国民民主党が提唱する「年収103万円の壁」撤廃案。一見魅力的に聞こえるこの政策ですが、地方自治体にとっては大きな財政負担となる可能性があります。群馬県は14日、この案が実現した場合、県と市町村合わせて830億円もの減収になるとの試算を発表しました。果たして、住民サービスの維持と財政健全化の両立は可能なのでしょうか?
「壁」撤廃で住民サービス低下?群馬県知事が訴え
群馬県の山本一太知事は、パリからのオンライン記者会見で「財源措置がなければ、既存の住民サービスを維持することは不可能です。県の重要な事業を削減せざるを得ない状況に陥るでしょう」と危機感をあらわにしました。国民民主党は、所得税の課税開始点を現行の年収103万円から178万円に引き上げるよう主張しており、これが2025年度税制改正の焦点となっています。
群馬県庁
県は2023年度の税収を基に試算した結果、個人県民税は705億円から260億円減、県内35市町村の市町村民税は1060億円から390億円減となる見通しです。さらに、地方交付税も大幅に減少し、県で100億円減、市町村で80億円減となることが予測されています。
地方交付税減で更なる打撃
地方交付税は、地方自治体の財政基盤を支える重要な財源です。その原資の多くは国の所得税であるため、「年収103万円の壁」撤廃による所得税減収は、地方交付税の減少に直結します。これは地方自治体にとって二重の打撃となり、財政運営をさらに困難にする要因となります。地方財政に詳しい専門家、山田太郎氏(仮名)は「地方交付税の減少は、地方自治体の自主財源を圧迫し、住民サービスの質の低下につながる可能性がある」と指摘しています。
財源確保なき導入は地方財政の破綻を招く
山本知事は「手取り額が多少増えたとしても、住民サービスが大幅に低下すれば、県民の幸福度は本当に向上するのでしょうか?大局的な視点で考えていただきたい」と訴えました。
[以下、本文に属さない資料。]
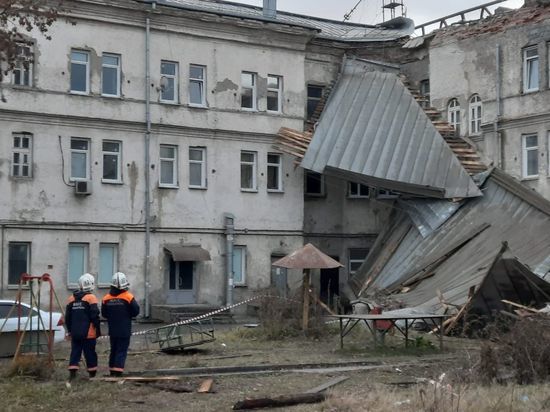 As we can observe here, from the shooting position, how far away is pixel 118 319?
14.8 meters

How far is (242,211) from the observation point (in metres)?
34.2

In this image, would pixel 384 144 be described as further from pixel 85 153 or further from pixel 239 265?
pixel 85 153

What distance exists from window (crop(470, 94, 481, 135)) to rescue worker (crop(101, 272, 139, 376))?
20933mm

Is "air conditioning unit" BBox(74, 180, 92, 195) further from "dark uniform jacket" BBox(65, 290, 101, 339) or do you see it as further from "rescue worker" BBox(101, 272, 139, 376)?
"dark uniform jacket" BBox(65, 290, 101, 339)

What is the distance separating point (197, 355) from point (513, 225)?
39.9ft

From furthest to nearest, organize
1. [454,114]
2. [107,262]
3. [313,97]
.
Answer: [313,97] → [454,114] → [107,262]

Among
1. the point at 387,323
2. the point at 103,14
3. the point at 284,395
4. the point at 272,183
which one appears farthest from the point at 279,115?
the point at 284,395

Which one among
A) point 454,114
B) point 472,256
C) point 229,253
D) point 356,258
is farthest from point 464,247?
point 356,258

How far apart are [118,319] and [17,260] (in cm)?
1599

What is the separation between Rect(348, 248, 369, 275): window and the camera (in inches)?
1455

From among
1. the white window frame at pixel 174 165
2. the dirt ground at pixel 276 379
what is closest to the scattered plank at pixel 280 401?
the dirt ground at pixel 276 379

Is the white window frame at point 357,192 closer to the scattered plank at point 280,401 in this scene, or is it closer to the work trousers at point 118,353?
the work trousers at point 118,353

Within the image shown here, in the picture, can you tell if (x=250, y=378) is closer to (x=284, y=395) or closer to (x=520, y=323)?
(x=284, y=395)

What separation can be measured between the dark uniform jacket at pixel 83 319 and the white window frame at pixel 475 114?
21474mm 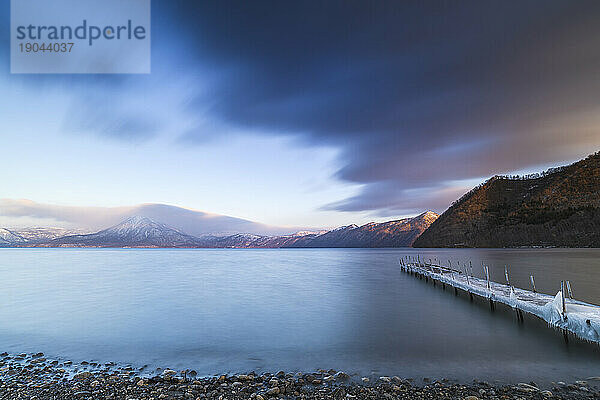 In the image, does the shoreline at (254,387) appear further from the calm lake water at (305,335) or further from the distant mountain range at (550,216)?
the distant mountain range at (550,216)

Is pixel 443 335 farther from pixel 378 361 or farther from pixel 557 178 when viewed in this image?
pixel 557 178

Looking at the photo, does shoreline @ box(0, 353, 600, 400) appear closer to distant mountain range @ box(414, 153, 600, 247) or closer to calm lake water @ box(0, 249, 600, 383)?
calm lake water @ box(0, 249, 600, 383)

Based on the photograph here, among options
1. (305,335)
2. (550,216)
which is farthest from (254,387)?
(550,216)

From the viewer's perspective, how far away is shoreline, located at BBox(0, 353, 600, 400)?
25.8ft

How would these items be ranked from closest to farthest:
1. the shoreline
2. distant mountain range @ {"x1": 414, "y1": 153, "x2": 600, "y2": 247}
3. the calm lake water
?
the shoreline
the calm lake water
distant mountain range @ {"x1": 414, "y1": 153, "x2": 600, "y2": 247}

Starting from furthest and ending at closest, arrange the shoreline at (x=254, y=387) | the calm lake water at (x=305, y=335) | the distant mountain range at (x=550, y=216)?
1. the distant mountain range at (x=550, y=216)
2. the calm lake water at (x=305, y=335)
3. the shoreline at (x=254, y=387)

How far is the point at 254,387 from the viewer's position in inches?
338

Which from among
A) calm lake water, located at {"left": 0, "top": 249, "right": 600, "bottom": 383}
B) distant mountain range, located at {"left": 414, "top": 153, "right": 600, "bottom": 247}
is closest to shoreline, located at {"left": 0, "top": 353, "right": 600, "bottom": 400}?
calm lake water, located at {"left": 0, "top": 249, "right": 600, "bottom": 383}

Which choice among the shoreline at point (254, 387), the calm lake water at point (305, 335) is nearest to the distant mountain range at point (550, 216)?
the calm lake water at point (305, 335)

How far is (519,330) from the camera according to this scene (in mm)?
14859

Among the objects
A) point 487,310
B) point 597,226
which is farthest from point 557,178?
point 487,310

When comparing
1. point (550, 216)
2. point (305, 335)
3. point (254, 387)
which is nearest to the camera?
point (254, 387)

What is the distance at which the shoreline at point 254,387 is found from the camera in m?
7.86

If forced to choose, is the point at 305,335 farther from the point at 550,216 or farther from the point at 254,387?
the point at 550,216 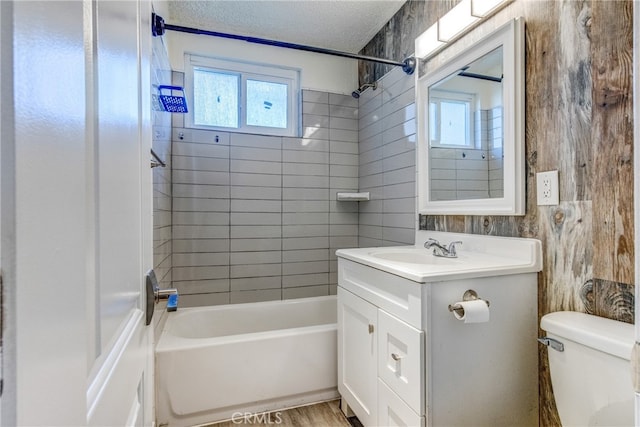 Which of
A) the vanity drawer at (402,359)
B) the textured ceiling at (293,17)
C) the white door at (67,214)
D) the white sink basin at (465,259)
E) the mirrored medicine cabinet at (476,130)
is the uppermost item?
the textured ceiling at (293,17)

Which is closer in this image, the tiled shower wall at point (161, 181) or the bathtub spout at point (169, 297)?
the bathtub spout at point (169, 297)

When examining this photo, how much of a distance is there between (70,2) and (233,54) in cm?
241

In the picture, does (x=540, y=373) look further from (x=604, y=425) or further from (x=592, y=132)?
(x=592, y=132)

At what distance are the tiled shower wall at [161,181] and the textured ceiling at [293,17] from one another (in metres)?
0.44

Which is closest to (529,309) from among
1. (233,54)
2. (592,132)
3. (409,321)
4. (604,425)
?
(604,425)

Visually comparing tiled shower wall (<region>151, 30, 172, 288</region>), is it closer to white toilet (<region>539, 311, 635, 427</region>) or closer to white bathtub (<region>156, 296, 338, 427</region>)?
white bathtub (<region>156, 296, 338, 427</region>)

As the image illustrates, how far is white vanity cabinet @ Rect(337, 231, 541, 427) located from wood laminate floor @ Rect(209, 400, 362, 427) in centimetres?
35

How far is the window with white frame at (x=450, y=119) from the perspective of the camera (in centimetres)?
162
また、石破茂氏が初代地方創生担当大臣を務めたことに触れ、「財政措置なしに強行されることはあり得ないと信じています」と述べ、財政措置がなければ「地方財政は破綻する」と強く警告しました。
年収と税金
「年収103万円の壁」撤廃は、家計へのプラス効果が期待される一方、地方自治体の財政には大きな影響を与えます。政府は、地方の財政状況を十分に考慮し、適切な財源措置を講じる必要があります。そうでなければ、地方の疲弊を招き、国民生活全体の質の低下につながる可能性も否定できません。